Suatu ketika, Rasulullah ﷺ mendengar suara langkah sandal Bilal di surga. Ini adalah karamah yang diberikan Allah kepada Bilal, seorang sahabat yang pernah menjadi budak dan masuk Islam dengan penuh keikhlasan. Bilal tidak pernah menyombongkan amalnya. Justru ketika ditanya, ia menyebutkan amal yang paling ia andalkan: selalu shalat setelah wudhu.

Kisah ini mengajarkan bahwa surga tidak hanya diraih dengan ibadah besar, tetapi dengan kebiasaan baik yang terus menerus. Bilal, muazin Rasulullah, sibuk dengan tugasnya, namun ia menyempatkan diri shalat setiap kali bersuci. Ini adalah teladan bagi kita yang mungkin merasa tidak punya banyak waktu untuk ibadah. Mulailah dengan langkah kecil: setiap kali wudhu, jangan terburu-buru, lalu shalat dua rakaat sunnah. Barangkali itulah amal yang akan mengantarkan kita mendengar suara sandal sendiri di surga kelak.

Kesimpulan Praktis

  1. Jaga wudhu — jangan biarkan wudhu sia-sia.
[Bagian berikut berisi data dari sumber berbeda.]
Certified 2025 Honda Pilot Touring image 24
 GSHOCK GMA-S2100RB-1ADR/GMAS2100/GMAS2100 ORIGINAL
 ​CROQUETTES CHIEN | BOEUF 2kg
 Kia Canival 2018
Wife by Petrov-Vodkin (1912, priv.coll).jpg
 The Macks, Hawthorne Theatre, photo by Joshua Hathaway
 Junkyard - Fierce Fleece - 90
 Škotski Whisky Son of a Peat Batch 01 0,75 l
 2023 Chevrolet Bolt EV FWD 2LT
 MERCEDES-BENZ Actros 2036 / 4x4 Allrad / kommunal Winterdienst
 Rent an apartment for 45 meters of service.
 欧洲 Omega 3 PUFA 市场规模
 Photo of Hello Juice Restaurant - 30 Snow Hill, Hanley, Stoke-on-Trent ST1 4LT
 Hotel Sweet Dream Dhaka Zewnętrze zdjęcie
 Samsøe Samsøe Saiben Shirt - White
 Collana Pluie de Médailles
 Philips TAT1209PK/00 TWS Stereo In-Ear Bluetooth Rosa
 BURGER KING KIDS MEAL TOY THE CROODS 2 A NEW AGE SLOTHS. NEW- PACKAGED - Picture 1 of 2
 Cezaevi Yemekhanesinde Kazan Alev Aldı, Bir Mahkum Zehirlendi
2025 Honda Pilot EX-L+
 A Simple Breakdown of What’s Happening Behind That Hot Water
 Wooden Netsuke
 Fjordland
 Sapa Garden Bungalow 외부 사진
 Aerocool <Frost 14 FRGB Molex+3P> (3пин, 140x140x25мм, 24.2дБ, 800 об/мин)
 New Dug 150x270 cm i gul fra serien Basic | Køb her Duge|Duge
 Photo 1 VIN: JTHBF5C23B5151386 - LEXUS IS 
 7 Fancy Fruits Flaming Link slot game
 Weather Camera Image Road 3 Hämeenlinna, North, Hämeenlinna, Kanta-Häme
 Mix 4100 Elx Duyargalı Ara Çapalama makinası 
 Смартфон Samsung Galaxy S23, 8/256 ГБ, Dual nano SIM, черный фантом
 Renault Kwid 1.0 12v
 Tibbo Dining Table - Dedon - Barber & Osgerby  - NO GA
Usahakan selalu shalat sunnah dua rakaat setelah wudhu (tahiyyatul wudhu) atau sebanyak yang mudah.
  2. Manfaatkan setiap waktu — tidak perlu menunggu malam khusus; shalat setelah wudhu bisa dilakukan di siang atau malam, kecuali waktu terlarang.
  3. Istiqamah — amal yang sedikit tetapi rutin lebih utama daripada banyak tetapi jarang.
  4. Rendah hati — jangan meremehkan amal sunnah, karena bisa jadi itulah yang mengangkat derajat kita di sisi Allah.

Semoga Allah memberi kita taufik untuk mengikuti petunjuk Al-Qur’an, sunnah Nabi ﷺ, dan pemahaman para ulama Ahlus Sunnah.